Jerry collected guns and was interested in obtaining a smoothbore muzzle loaded firearm. Those things were expensive and the company told Jerry that if he could generate $5,000 in sales he would get a discount. So he was contacting everyone he knew that might be interested in buying a modern black powder gun. Black powder guns are a kind of unusual firearm. His list wasn’t building rapidly.

Someone told Jerry that there was a pilot over at Reese Airbase, a Major by the name of Forrest Fenn and if Jerry could wait two months Forrest Fenn would be back from Vietnam and surely he would be interested in buying one. Jerry added Forrest’s name to his list of hopefuls.

Nearly two months went by when Jerry heard the news that Forrest and his F-100 had been shot down and he might not be heading home. Jerry added a question mark after Forrest’s name on his still incomplete list.

In 2010 Gail House was reminiscing about her late husband Jerry and his friendship with Forrest. She remembered when Forrest arrived back home from Vietnam. ”The morning of the 26th, our phone rang and it was Forrest Fenn. A helicopter had picked him up not long after he was shot down, and because he was due home, he took the next Red Cross plane back.”

For his part, Forrest wanted to make sure Jerry didn’t scratch him off the buyer’s list. He wanted that muzzle loader.

“When Jerry got the call from Forrest, we were stunned,” Gail recalls. “Jerry went over that day, and they formed a real friendship.”

At the time, Forrest had started a part-time business in his garage where he was casting small bronzes for artists. Jerry was intrigued. More-so when Forrest told Jerry he could make a handsome $10 an hour doing this kind of work. That was the egg that Jerry later developed into his own foundry, House Bronze.

Forrest recalls that he was thrilled with his new black powder gun. “Jerry and I knew how to load it: measure the powder and pour it down the barrel. Then tamp some wadding in. The round bullet was next, just roll it down the barrel. More wadding was added to keep the bullet from rolling out if you tilted the gun down.”

They really wanted to shoot the thing because neither had done that before as Forrest remembers, “The problem was that we didn’t have any bullets. After looking around for a minute I found some old chewing gum that one of my young daughters had placed on the kitchen counter. It was dried and hard. I remember having to force it down the barrel with the ram-rod that came with the gun. Are you ready for this?

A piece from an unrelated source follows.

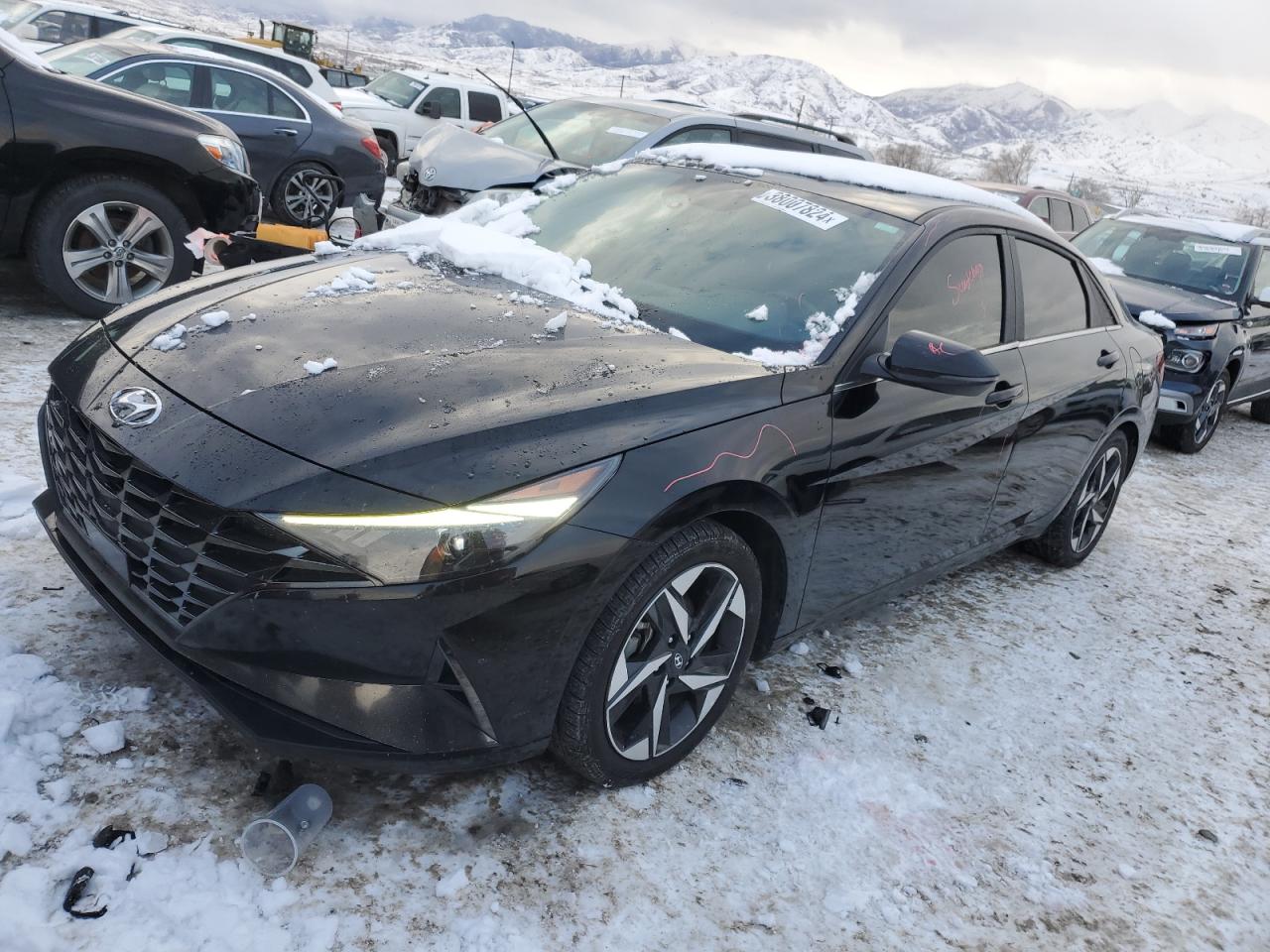 Hyundai Elantra 2022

Jerry took the first shot and that glob of chewing gum went clear through a 1” board in my back yard fence. We couldn’t believe it and Peggy couldn’t stop laughing.”

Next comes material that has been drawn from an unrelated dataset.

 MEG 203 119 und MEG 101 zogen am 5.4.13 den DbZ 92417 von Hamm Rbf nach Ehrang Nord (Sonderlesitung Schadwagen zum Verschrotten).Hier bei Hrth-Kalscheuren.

So now it was Forrest’s turn to shoot and he put a small rock down the barrel and shot at the fence. “When the powder ignited our close proximity went black with smoke that chased my wife into the house. You are not going to believe this, but that little pebble came out of the barrel in pieces, and each one was impaled in my fence. There must have been 6 or 7 pieces. Jerry and I talked about that for a long time and considered telling the Army about our newly discovered secret weapon.”

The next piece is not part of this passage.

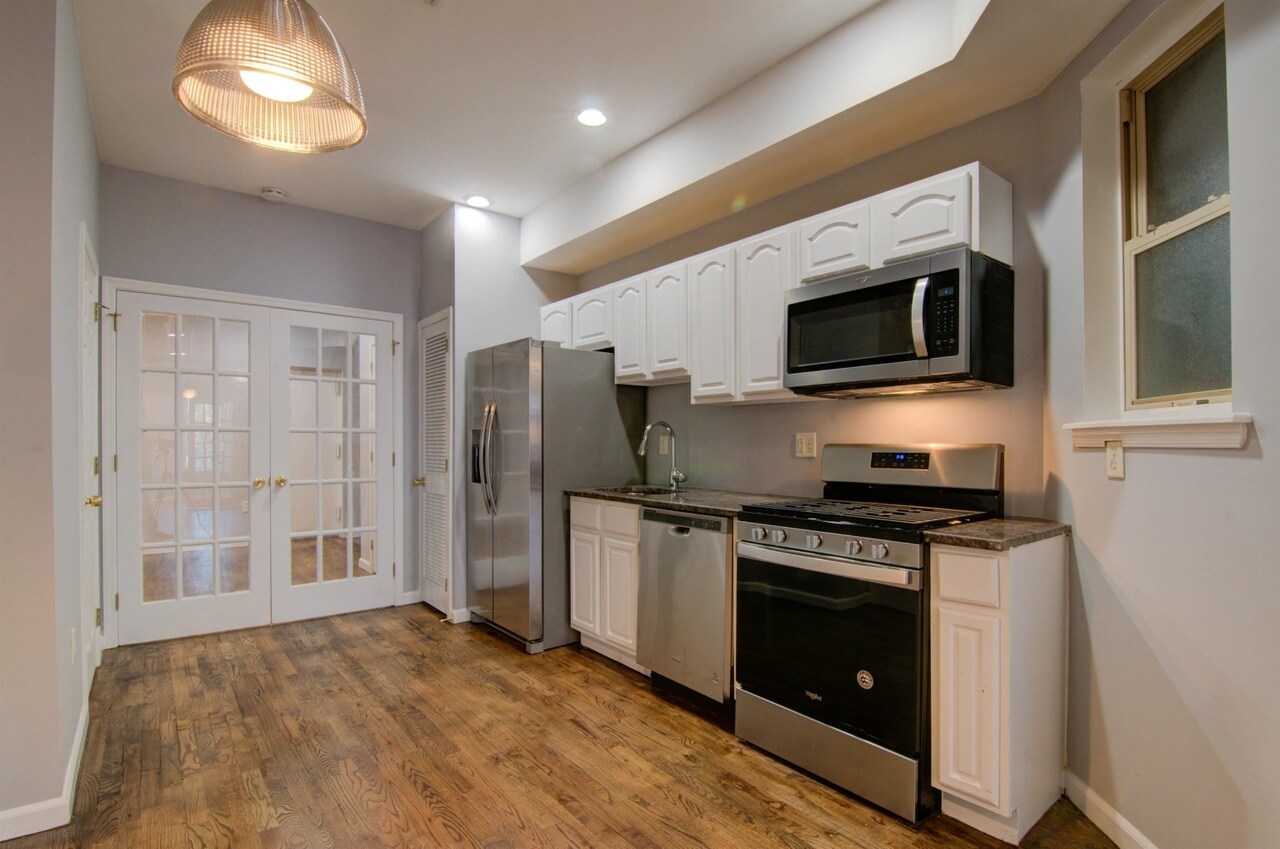 Building Photo - 285 Bergen Ave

The camaraderie lasted well beyond their first muzzle loader experience. “Jerry was a lot of fun. One of his legs was 2” shorter than the other, so he wore a shoe with an elevated sole. He bragged about it keeping him from being drafted. One thing you never did with Jerry, and that was to call him on the phone between 12:00 and 12:15 because that was when Paul Harvey was on the radio. Jerry was a fanatic about that guy, and he got me started listening. Paul, Jerry, and I had something in common. We were good, conservative, patriotic, American citizens.”

After awhile, Forrest moved his foundry out of his garage, hired some help and started Fenn Bronze on the outskirts of Lubbock. “Jerry used to come see me in my foundry, which was just a few blocks from where he worked. After a while he started helping me work waxes and get them ready to pour in bronze. He liked it, and was soon on my payroll. It wasn’t long before he knew the business as well as anyone.”

After Forrest moved to Santa Fe, in 1972, Jerry opened his own casting studio with his wife Gail in Lubbock called House Bronze and did very well for 38 years.

Jerry and Forrest kept in touch. He was still working long hours at House Bronze and probably making considerably more than $10/hr when he died in 2009.